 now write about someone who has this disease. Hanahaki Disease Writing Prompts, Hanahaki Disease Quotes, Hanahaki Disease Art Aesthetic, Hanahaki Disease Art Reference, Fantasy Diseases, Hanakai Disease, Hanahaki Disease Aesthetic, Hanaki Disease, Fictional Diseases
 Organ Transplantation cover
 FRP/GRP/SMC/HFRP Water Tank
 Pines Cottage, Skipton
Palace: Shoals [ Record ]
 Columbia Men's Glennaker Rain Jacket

* * *

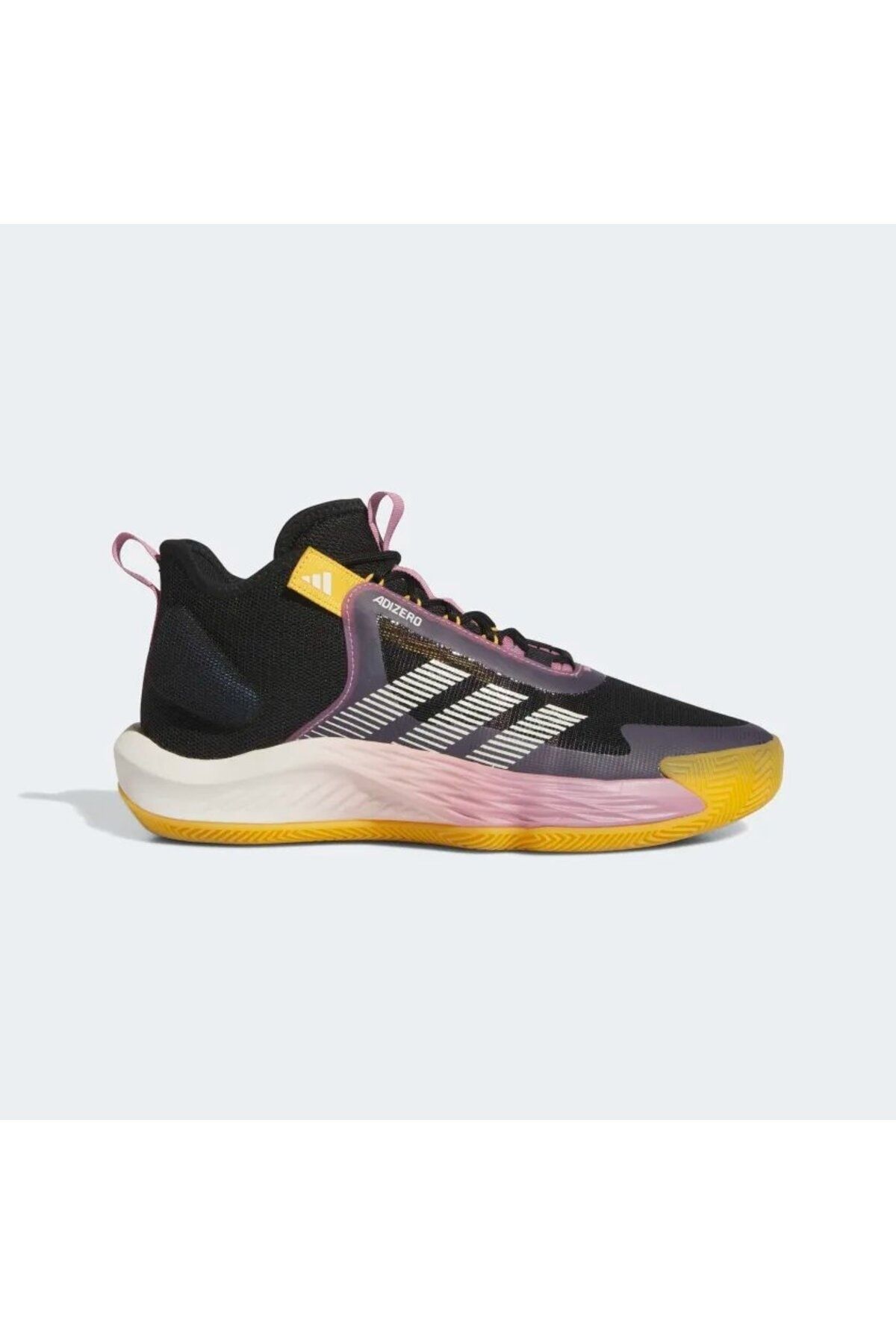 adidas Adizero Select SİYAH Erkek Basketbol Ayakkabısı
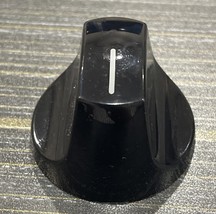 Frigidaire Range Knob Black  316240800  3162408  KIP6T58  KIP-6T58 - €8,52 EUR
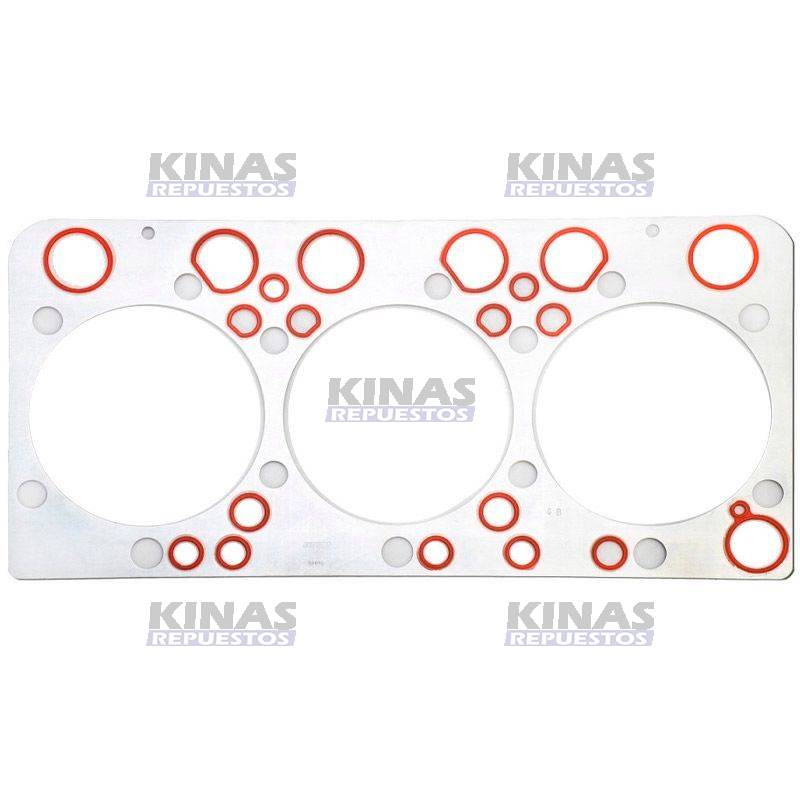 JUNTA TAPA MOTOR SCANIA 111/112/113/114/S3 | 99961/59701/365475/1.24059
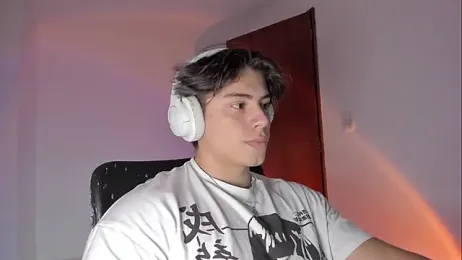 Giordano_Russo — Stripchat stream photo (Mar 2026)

==

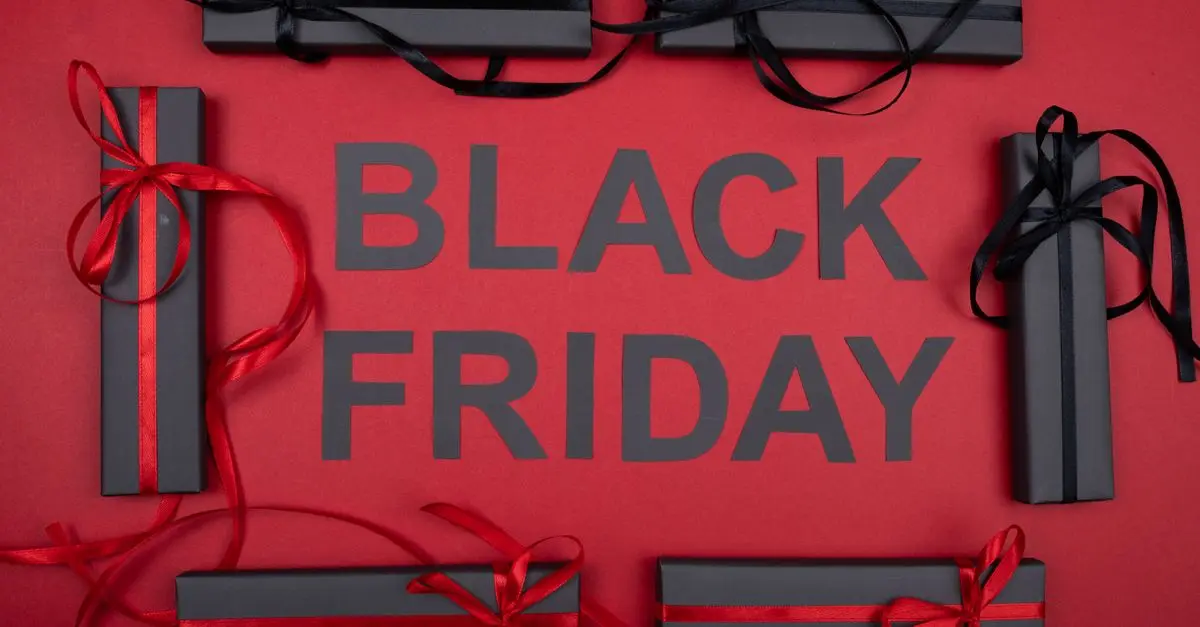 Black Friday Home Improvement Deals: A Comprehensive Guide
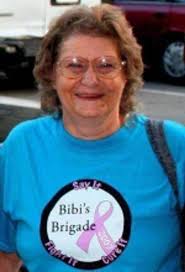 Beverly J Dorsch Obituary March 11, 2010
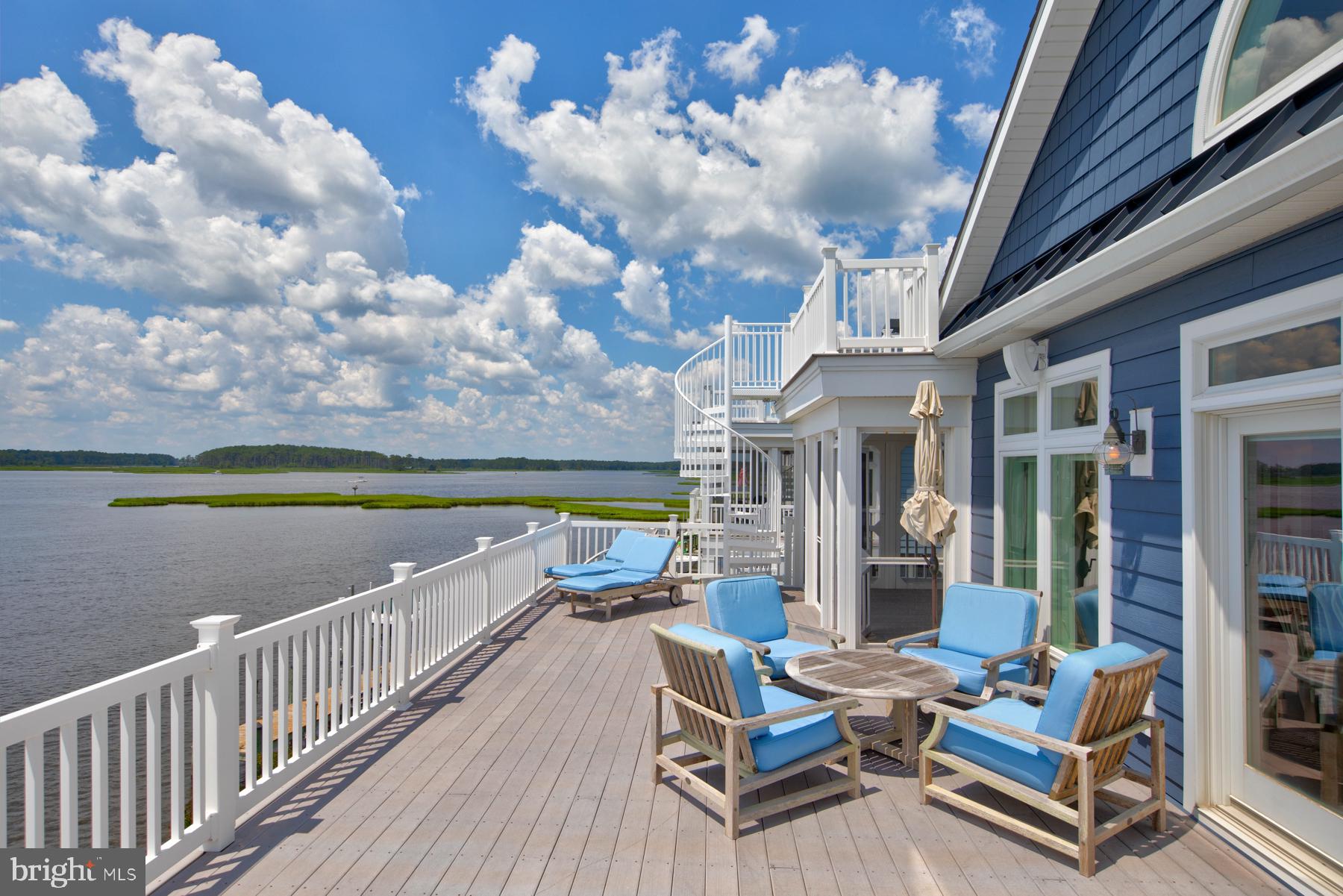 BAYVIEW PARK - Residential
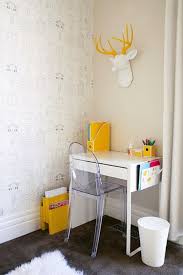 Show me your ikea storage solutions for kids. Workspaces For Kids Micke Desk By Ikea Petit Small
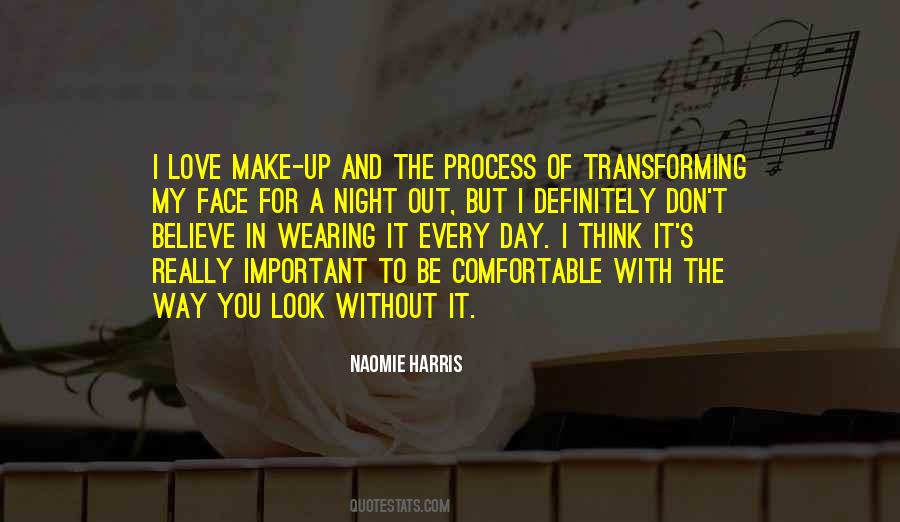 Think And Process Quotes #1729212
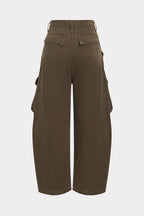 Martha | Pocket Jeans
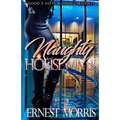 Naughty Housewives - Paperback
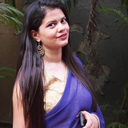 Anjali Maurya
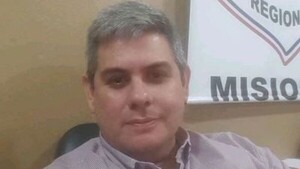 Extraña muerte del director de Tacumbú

* _What you will do_:
Text only, no pictures: please print exactly the lines above from the line with "Think And Process Quotes #1729212" up to and including the line with "Extraña muerte del director de Tacumbú", and nothing else.

* _Solved problem_:
 Think And Process Quotes #1729212
 Martha | Pocket Jeans
 Naughty Housewives - Paperback
 Anjali Maurya
 Extraña muerte del director de Tacumbú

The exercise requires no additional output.